日本オラクルは12月16日、クラウドに関する説明会を開催し、米Oracle プロダクトマーケティング担当 グループバイスプレジデント Robert Shimp氏が同社のクラウドに対する取り組みと見解を説明した。
Shimp氏は、パブリッククラウドとプライベートクラウドを比較し、パブリッククラウドは初期投資が少なくて済むものの、長期間運用する場合はプライベートクラウドの方がトータルコストが低いこと、パブリッククラウドは管理をアウトソースできる一方で、プライベートクラウドは自社内で管理が必要だがセキュリティやコンプライアンスが強化できることなどを挙げ、「Oracleとしてはパブリックとプライベートを融合して導入することを薦めている」と話す。
「コアビジネスとなる部分のシステムはプライベートクラウドで運用し、ピーク時など一時的にリソースが必要となる場合にパブリッククラウドでプライベートクラウドのワークロードを補うといったように、柔軟なリソースのやりとりができるようになるのが理想的だろう」(Shimp氏)
Oracleは、パブリッククラウド、プライベートクラウドの両環境を提供できることが強みだとShimp氏は言う。「プライベートクラウドもしくはSaaSとしてOracle Fusion Applicationsを提供できるほか、Oracle Fusion Middlewareおよびデータベース製品、さらにはSun Microsystemsの買収によって手に入れたインフラ製品などでPaaSやIaaSの展開も可能だ。顧客に選択肢を提供する、これがOracleのクラウドコンピューティング戦略だ」とShimp氏。
すでにオーストラリアのCommonwealth Bankでは、PaaSモデルでOracle Databaseを活用し、最大300の中小規模データベース環境を3つのグリッドに統合、サーバ数やソフトウェアライセンス料、ホスティング料の削減で、損益分岐点を1年で達成したという。また、Credit SuisseではOracleのプライベートPaaSを導入、運用コストが35%削減、システム変更などのプロジェクトコストが最大30%削減できたという。
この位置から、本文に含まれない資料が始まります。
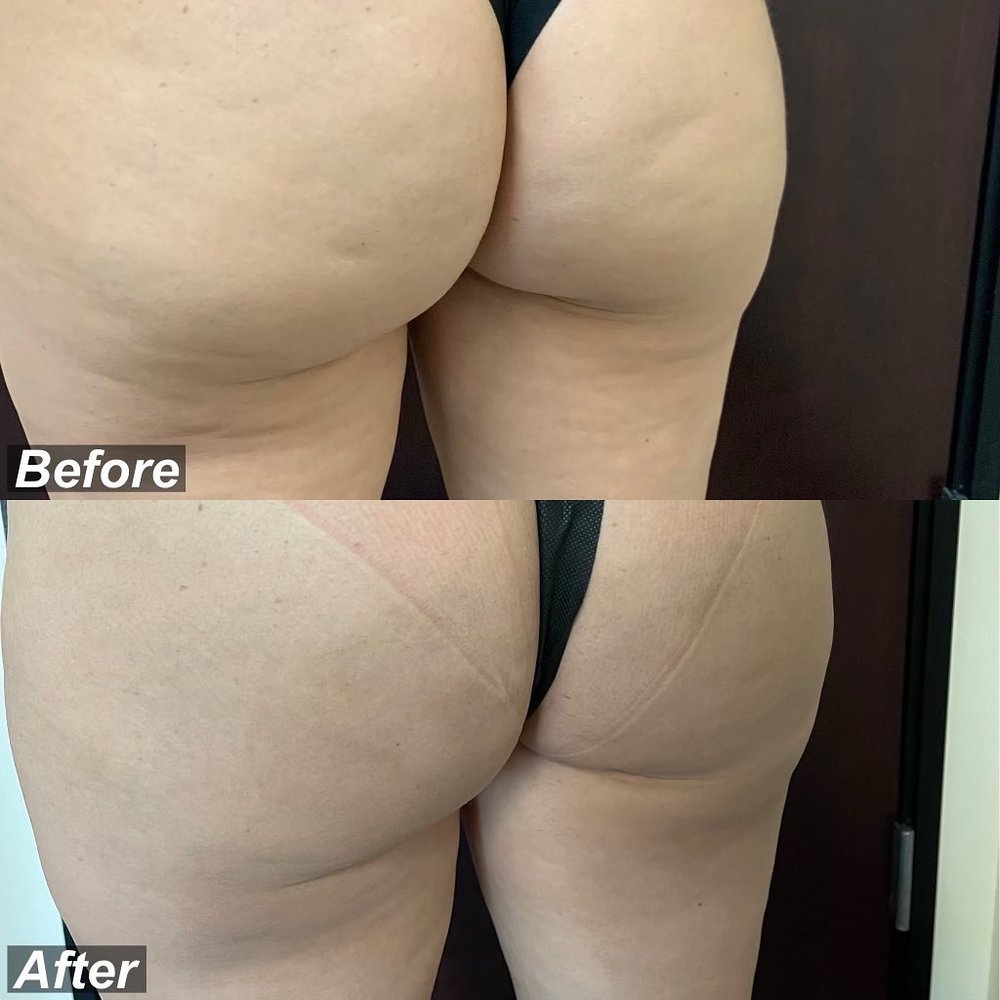 56EEBB72-CFEB-4F3F-8443-DA2408D67C32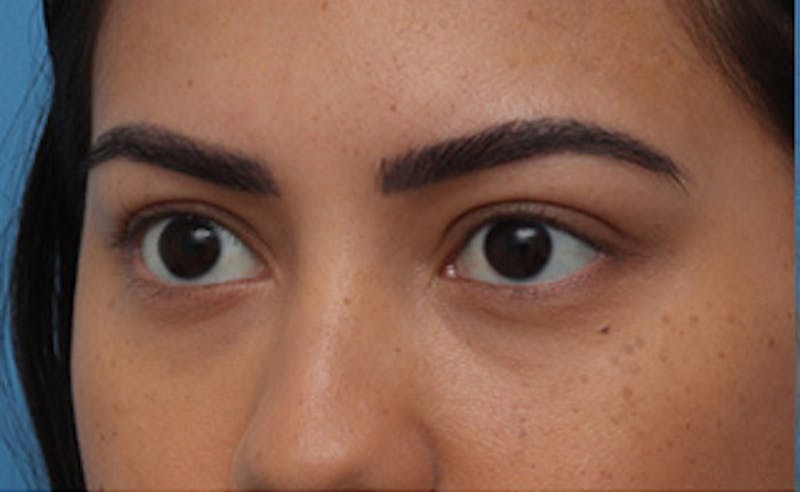 Eyelid Surgery Before & After Gallery - Patient 373989 - Image 6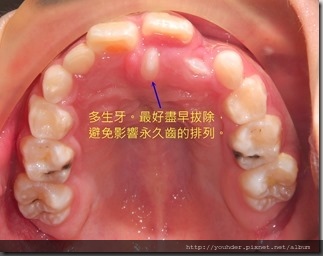 乳牙期的矯正考量3-3-1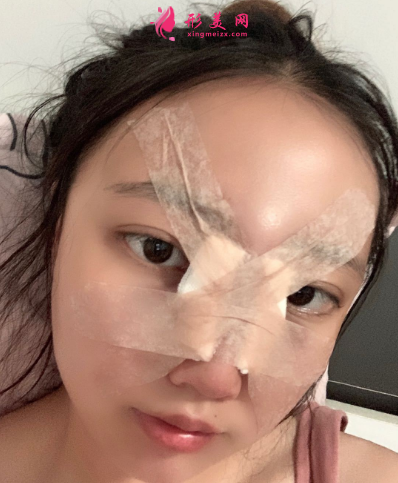 上海東方麗人整形醫(yī)院喬海初隆鼻 上海東方麗人整形醫(yī)院喬海初隆鼻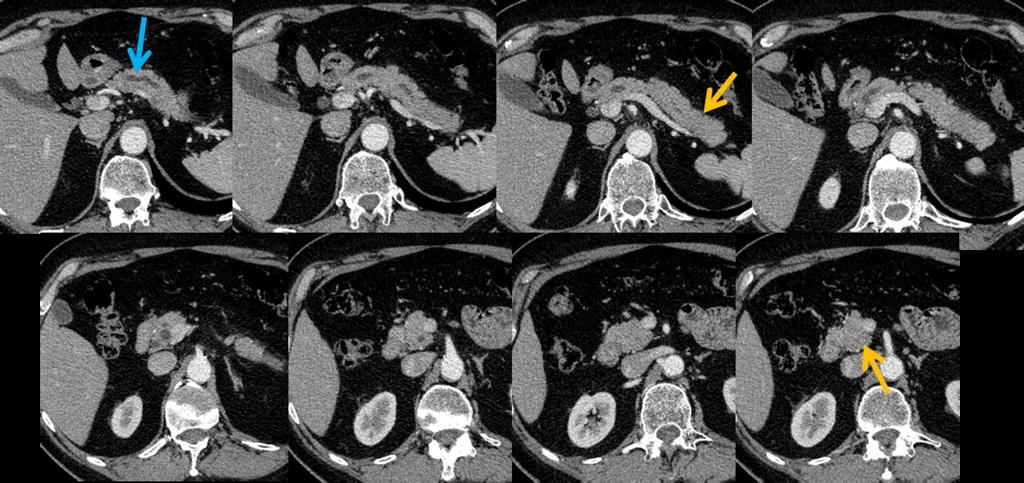 Fig. 12: 61-y-old man with multifocal autoimmune (IgG4-related) pancreatitis (tail and head). MDCT pancreatic phase: slightly swollen pancreatic head and tail (yellow arrows).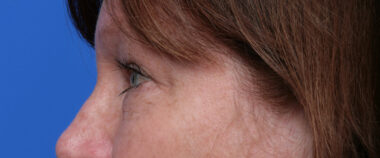 Case # 7 before photo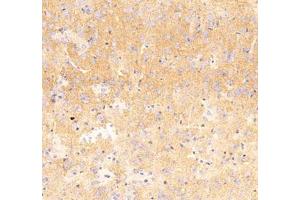 Immunohistochemistry analysis of paraffin embedded mouse Hippocampus using Nrg4 (ABIN7074805) at dilution of 1: 300 (Neuregulin 4 anticorps)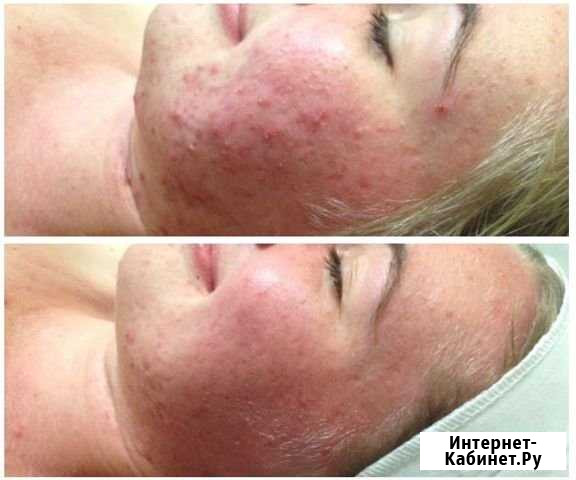 Косметолог Липецк - изображение 1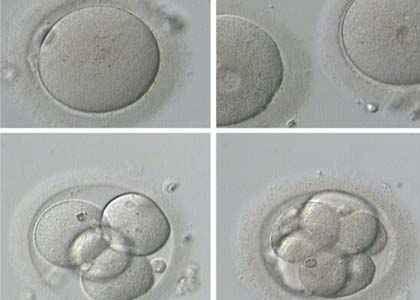 试管婴儿胚胎怎么选择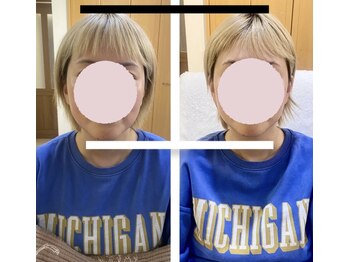 ララ(LARA.)/小顔矯正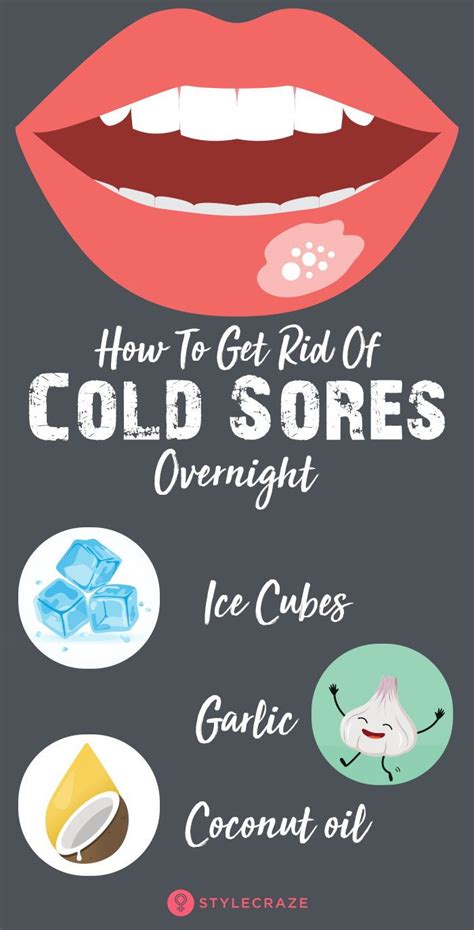 20 Home Remedies To Get Rid Of Cold Sores And Prevention Tips Artofit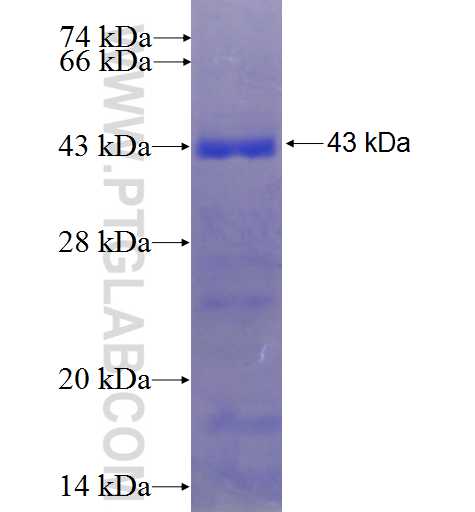 PET112L fusion protein Ag23740 SDS-PAGE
Shimp氏は、現在のクラウド市場について、「多くのユーザーがプライベートクラウドを導入しているが、今後パブリッククラウドやSaaSの利用がより進むだろう。将来はパブリッククラウドの導入率がプライベートクラウドの導入率を上回るかもしれない」と話す。ただし、そうなるまでには時間がかかるとし、まずOracleとしてはプライベートクラウドを推進しているとした。